_Assignment_: Repeat precisely the line in which "Lime N Soda" occurs and all lines that follow it in the entries below. Pictures must be omitted.

_Data_:
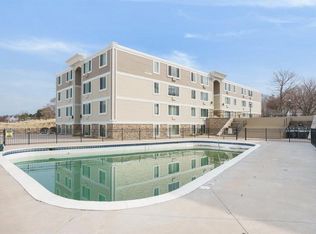 223 N Shore Dr APT 212, South Haven, MI 49090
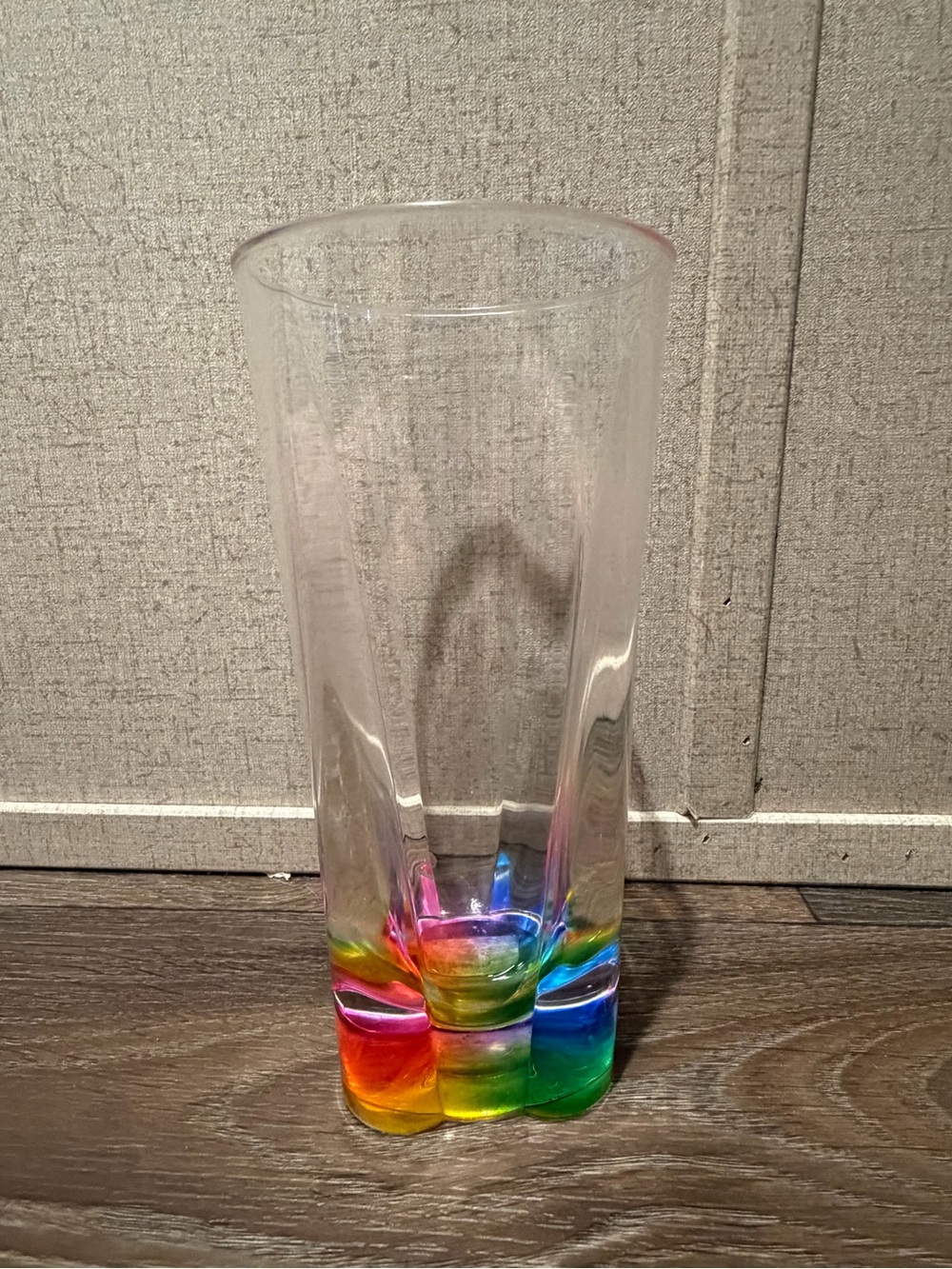 NWOT Merritt International Rainbow Teardrop Acrylic Tumbler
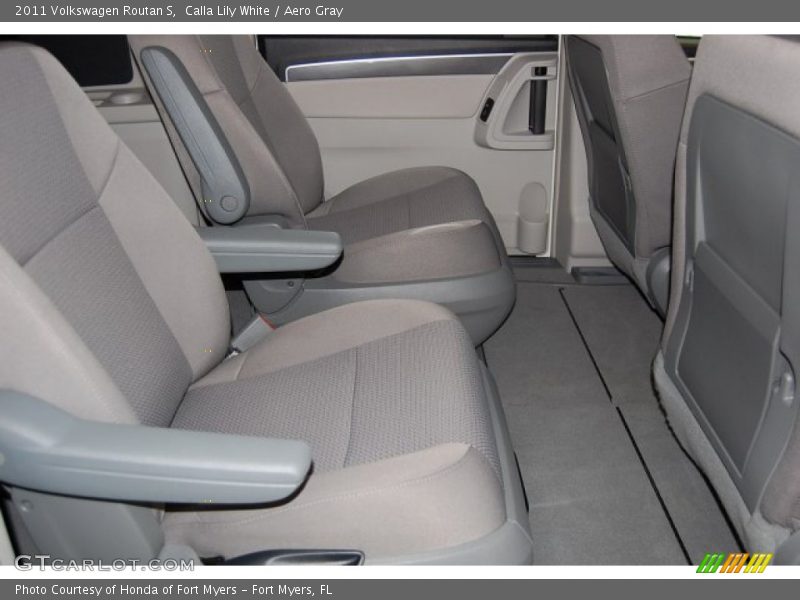 Calla Lily White / Aero Gray 2011 Volkswagen Routan S
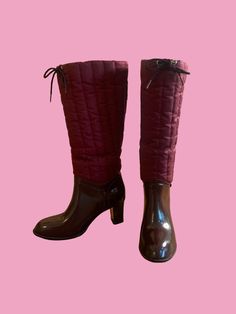 You can fight the cold AND be fashionable in these maroon, heeled snow boots by Etienne Aigner!  I would place these boots from the late 70s to the early 80s.  They are in terrific vintage condition.  There are a few scuffs (pictured). Measure 16" from top of shaft to bottom of heal.  Labeled a size 7.  I am a size 7 & they fit but could also fit a 6.5 comfortably. $90 shipped.   #realmofvintagerva #70s #80s #80sboots #70sboots #70sfashion #80sfashion #70sstyle #80sstyle #vintageboots #vintagebootsforsale Aigner Boots, 70s Boots, Etienne Aigner, 70’s Fashion, Vintage Boots, 80s Fashion, Snow Boots, 70s Fashion, Boot Shoes Women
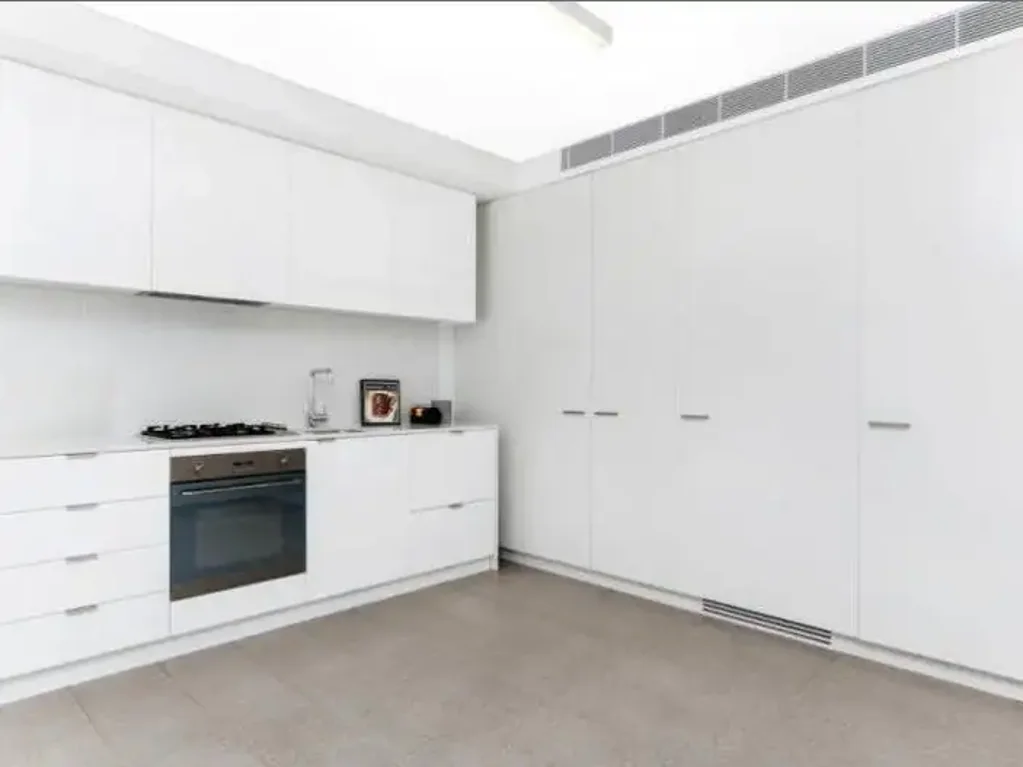OVERSIZED APARTMENT WITH BALCONY & PARKING IN THE HEART OF RANDWICK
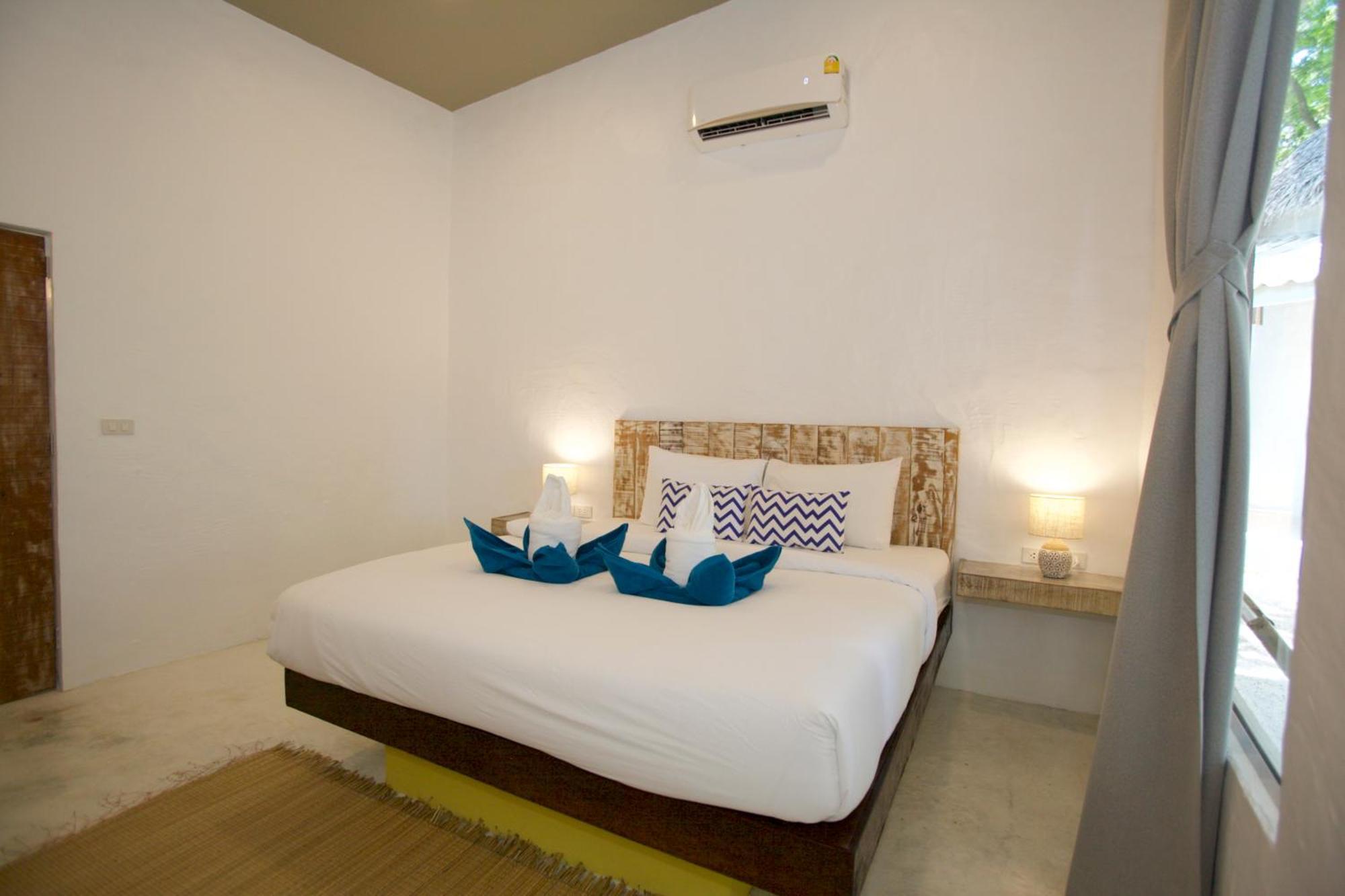 Lime N Soda Beachfront Resort Thong Sala Room photo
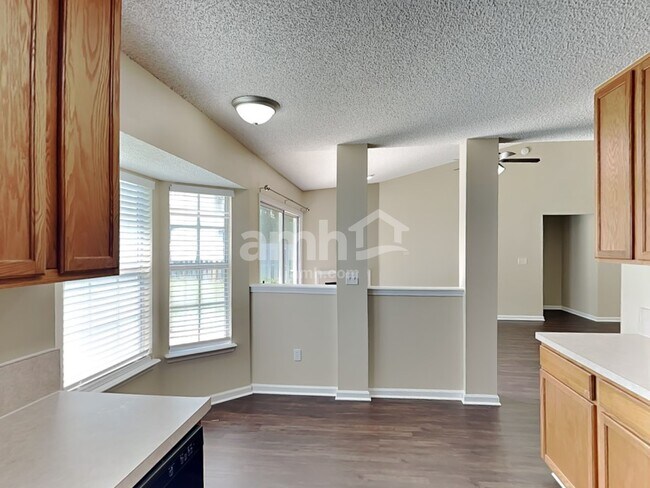 Building Photo - 1767 Saw Lake Dr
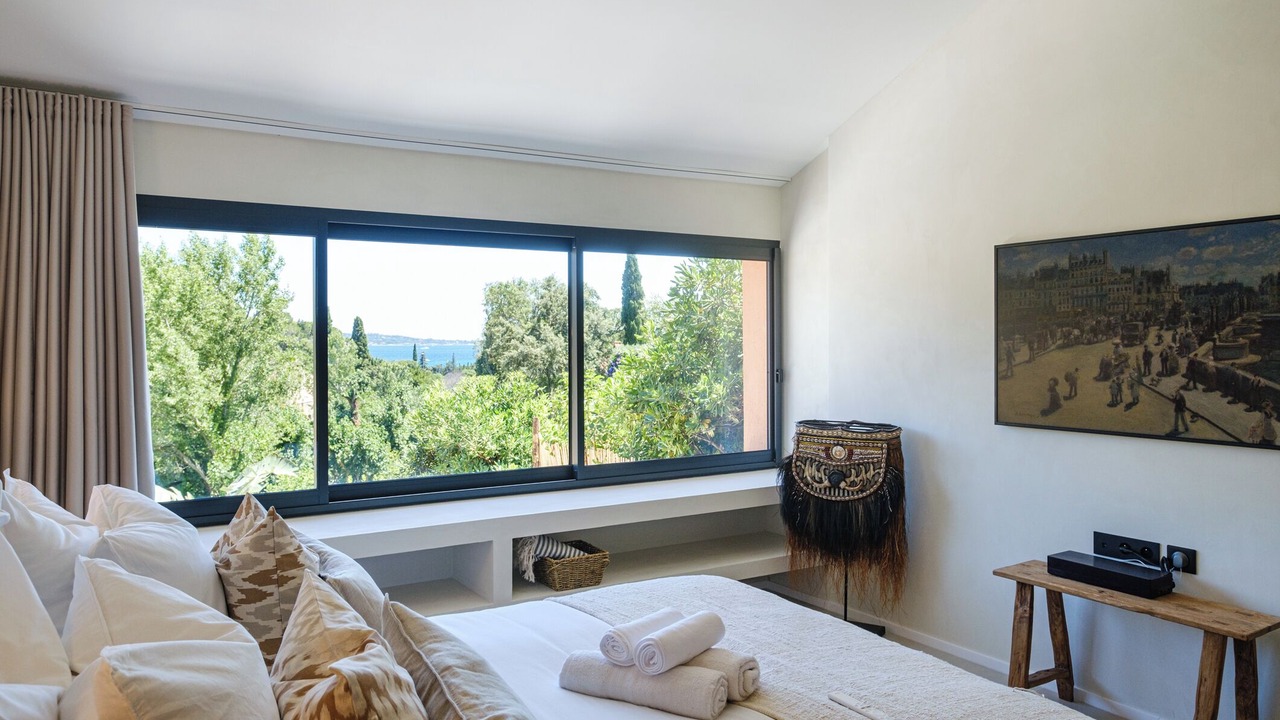 Photo of Bedroom in Guerrevieille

_Response to this task_:
 Lime N Soda Beachfront Resort Thong Sala Room photo
 Building Photo - 1767 Saw Lake Dr
 Photo of Bedroom in Guerrevieille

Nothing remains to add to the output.